Drew Neisser: Now this is the thing that I have going with purpose-driven story statements. The beauty of “keep it human.” How many of you who are listening to this show remember that language and how many of you remember the language that Dan said twice on this show? I still can’t remember that line and this is why, at least in some of the work that we’ve been doing, we put less emphasis on it. In fact, you can have that sentence anywhere you want, but no one will remember it and it doesn’t come to life without magical words like “keeping it human.” I just think it’s important to pause on it because everybody gets very, very excited about when they crystallize their mission and they put it in these long words that sound great. Well, they don’t sound great, they sound logical. But when you turn it into emotion and make it memorable, suddenly you have something that you can actually use to market.

Dan Lowden: You’re absolutely right. The mission is on our website. The mission is internal to the company and we share it with our customers. But “keep it human?” People get it right away and they want to be a part of that. It’s funny, you walk down the street with a “keep it human” or a “human” shirt on, people go, “I love that shirt” or “I love what that says,” because, you know, that’s the experience especially that brands want. They want that human engagement with their customers, with their prospects, and to build a personal relationship with them. With all these sophisticated bot attacks, that really gets messy, so our mission about “keeping it human,” it’s very simple. People get it, they like it and they want to join in on the party.

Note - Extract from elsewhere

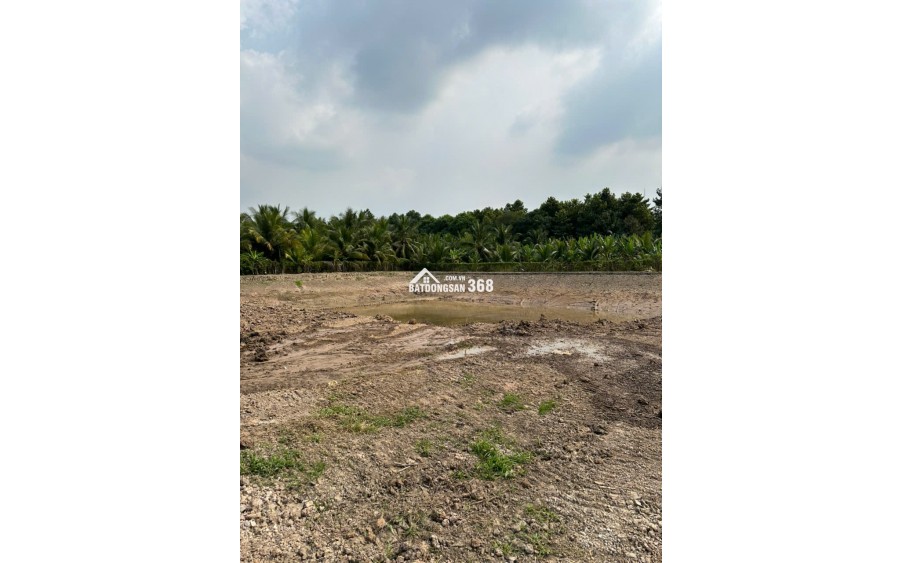 Bán đất hoặc cho thuê mặt tiền Quốc Lộ 1A, 8400 m2, tại Châu Thành, Tiền Giang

Drew Neisser: I love that. That reminds me, before we started just focusing on B2B, we worked with a kombucha brand and it was one of his strategic exercises. This brand was developed by this surfer dude who also had a chemical engineering degree, and he developed it because he didn’t like the taste of any of the other kombuchas and he was in his 50s and running low on energy, so the line that we came up with for his kombucha, it was called The Bu, was, “I like your energy.”

All of the folks who sampled the product would wear this line, “I like your energy,” and I still have that T-shirt. This was probably about five or six years ago and every time I wear it, people go, “I like your energy, too.” And it’s just funny, when you put a positive statement on your shirt and you wear it around people will engage with you. So what have been some of the surprises that have happened as a result of executing this campaign and rolling it out?

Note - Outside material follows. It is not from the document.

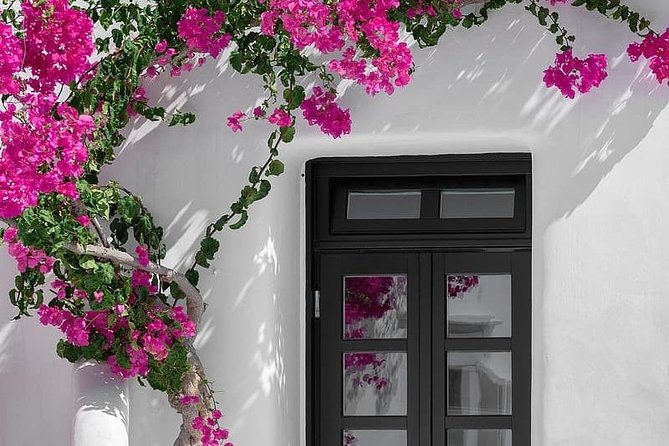 Mykonos Shore Excursion: Private Old Town Walking Tour - Tour Overview and Highlights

Dan Lowden: Yeah. So one of the biggest things is about our CEO, Tamer Hassan. He’s a former Blackhawk helicopter pilot, search and rescue in Afghanistan, and he’s just a really, really amazing guy. He was the one who originally with our detection team, discovered this 3ve botnet that took over so many machines. Because of that work, because of “keeping it human,” because of our mission, it was recognized by Fast Company, and Fast Company named Tamer the most creative person in business out of anybody out there, even the person who discovered ice and water on Mars. Tamer was #1. It was pretty amazing that a 140-person company that’s working with the largest Internet service providers, determining the humanity over one trillion interactions per week, was recognized by Fast Company because of this movement, because of “keeping it human.”

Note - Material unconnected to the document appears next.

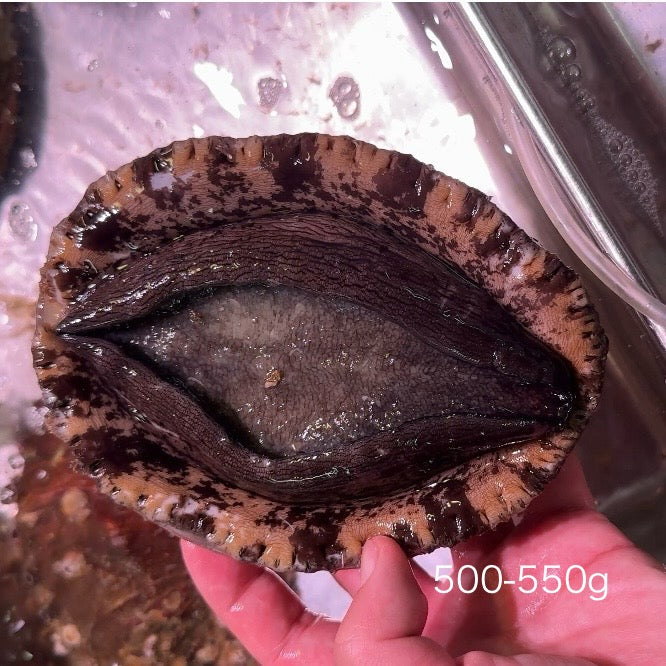 国産 特選 天然黒鮑（クロアワビ）1個 [200g-600g up] – 豊洲Okawari鮮魚店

We’ve been recognized more and more. The team is being asked to go present across the globe at different events and speaking opportunities. We’re being highlighted in ways, that from a marketer’s perspective, are really positive because people are recognizing this is a unique story, that we’re doing something unique out there in a very crowded space and we’re having an impact. We’re here in the cybersecurity space to win. In most cases in cybersecurity, you play defense. With White Ops, we’re out there playing offense because we want to win. We want to stop the bad guys. We want to disrupt this process that the bad guys continue to win. We’re there to try to stop them and we’re having an impact and to me, that story resonates. The customers that we work with see the value in that, too, because they’re having a hard time with this. The more we can tell our story, the more we can educate enterprises and brands, the more we can do to help solve this problem. And to me, that’s a marketer’s dream.

Drew Neisser: Amazing. Okay, so I’m going to pause for a second. As I mentioned, we’re here in Las Vegas and we’re in Dan’s suite. Right in the middle of the recording, and this is what happens when you’re on remote, the hall started to burst with the vacuum cleaner noise. Anyway, these are the exciting parts of being a podcaster and recording live segments wherever you can. Anyway, we were talking about keeping it human. And that was a “keep it human” moment. What’s interesting to me as I listen you talk is that you could have spent a lot of time on the technology. And I bet there are a lot of people in the organization, when they first heard this idea, there might have been some who were naysayers who said, “Wait, we should be talking about the tech.”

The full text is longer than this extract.